Add support of Kanji Mode #18

Closed RexWzh closed 2 years ago

codecov[bot] commented 2 years ago

Codecov Report

Merging #18 (f02ba74) into master (fddca45) will increase coverage by 2.17%. The diff coverage is 100.00%.

@@            Coverage Diff             @@
##           master      #18      +/-   ##
==========================================
+ Coverage   97.53%   99.70%   +2.17%     
==========================================
  Files           3        4       +1     
  Lines         324      337      +13     
==========================================
+ Hits          316      336      +20     
+ Misses          8        1       -7     
Impacted Files Coverage Δ
src/QRCoders.jl 100.00% <100.00%> (+1.57%) :arrow_up:
src/encode.jl 100.00% <100.00%> (ø)
src/errorcorrection.jl 98.61% <100.00%> (+3.94%) :arrow_up:
src/matrix.jl 100.00% <100.00%> (+1.63%) :arrow_up:

Help us with your feedback. Take ten seconds to tell us how you rate us. Have a feature suggestion? Share it here.

RexWzh commented 2 years ago

Main change

  1. use zero, unit instead of Poly([0]), Poly([1])
  2. move original tests of QRCode.jl into test/tst_overall.jl

For a highly-optimized algorithm where bandwidth is the bottleneck, UInt8 vs Int can make a lot of difference in performance, e.g., https://github.com/JuliaImages/ImageMorphology.jl/pull/102#issuecomment-1165297247. But for QRCoders, it might be too early for this to make a difference.

I did some tests about type allocations:

johnnychen94 commented 2 years ago

Looks like there's a misunderstanding here about the type annotation on performance. I'll write up a few things and share it with you in private later this week.

RexWzh commented 2 years ago

I'm a little confused about the purpose of key word and predefined variable.

For example,

function qrcode( message::AbstractString
       , eclevel::ErrCorrLevel = Medium()
       ; version::Int = 0
       , compact::Bool = false )

Would it be better to write

function qrcode( message::AbstractString
       ; eclevel::ErrCorrLevel = Medium()
       , version::Int = 0 
       , compact::Bool = false)
johnnychen94 commented 2 years ago

Choosing between keyword parameter and positional argument is a tradeoff between convenience and explicitly -- this is more of a design taste.

Because keyword parameter doesn't participate in multiple dispatch, it has to be type stable regardless of different value choices.
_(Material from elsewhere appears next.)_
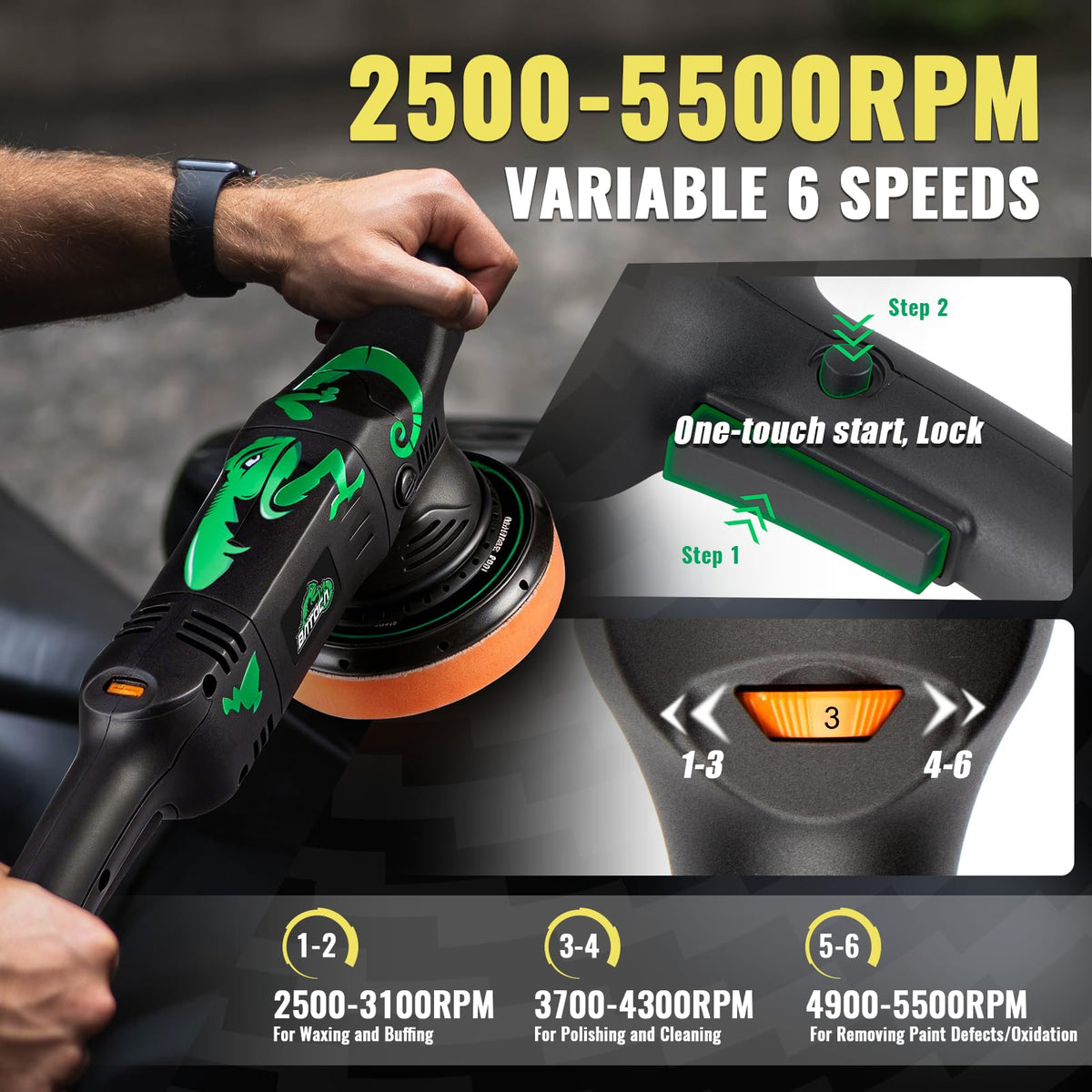 BATOCA foam pad set displayed for effective cutting, polishing, and finishing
For instance,

# A toy example

julia> struct M1 end

julia> struct M2 end

julia> f(; m) = m()
f (generic function with 1 method)

julia> g(m) = m()
g (generic function with 1 method)

julia> @code_warntype f(m=M1) # unstable
MethodInstance for (::var"#f##kw")(::NamedTuple{(:m,), Tuple{DataType}}, ::typeof(f))
  from (::var"#f##kw")(::Any, ::typeof(f)) in Main at REPL[3]:1
Arguments
  _::Core.Const(var"#f##kw"())
  @_2::NamedTuple{(:m,), Tuple{DataType}}
  @_3::Core.Const(f)
Locals
  m::DataType
  @_5::DataType
Body::Any
1 ─ %1  = Base.haskey(@_2, :m)::Core.Const(true)
│         Core.typeassert(%1, Core.Bool)
│         (@_5 = Base.getindex(@_2, :m))
└──       goto #3
2 ─       Core.Const(:(Core.UndefKeywordError(:m)))
└──       Core.Const(:(@_5 = Core.throw(%5)))
3 ┄ %7  = @_5::DataType
│         (m = %7)
│   %9  = (:m,)::Core.Const((:m,))
│   %10 = Core.apply_type(Core.NamedTuple, %9)::Core.Const(NamedTuple{(:m,)})
│   %11 = Base.structdiff(@_2, %10)::Core.Const(NamedTuple())
│   %12 = Base.pairs(%11)::Core.Const(Base.Pairs{Symbol, Union{}, Tuple{}, NamedTuple{(), Tuple{}}}())
│   %13 = Base.isempty(%12)::Core.Const(true)
│         Core.typeassert(%13, Core.Bool)
└──       goto #5
4 ─       Core.Const(:(Base.kwerr(@_2, @_3)))
5 ┄ %17 = Main.:(var"#f#3")(m, @_3)::Any
└──       return %17

julia> @code_warntype g(M1) # stable
MethodInstance for g(::Type{M1})
  from g(m) in Main at REPL[4]:1
Arguments
  #self#::Core.Const(g)
  m::Core.Const(M1)
Body::M1
1 ─ %1 = (m)()::Core.Const(M1())
└──      return %1

For our case, if we can ensure that output is always Matrix{Bool}, we're good to use keyword parameter.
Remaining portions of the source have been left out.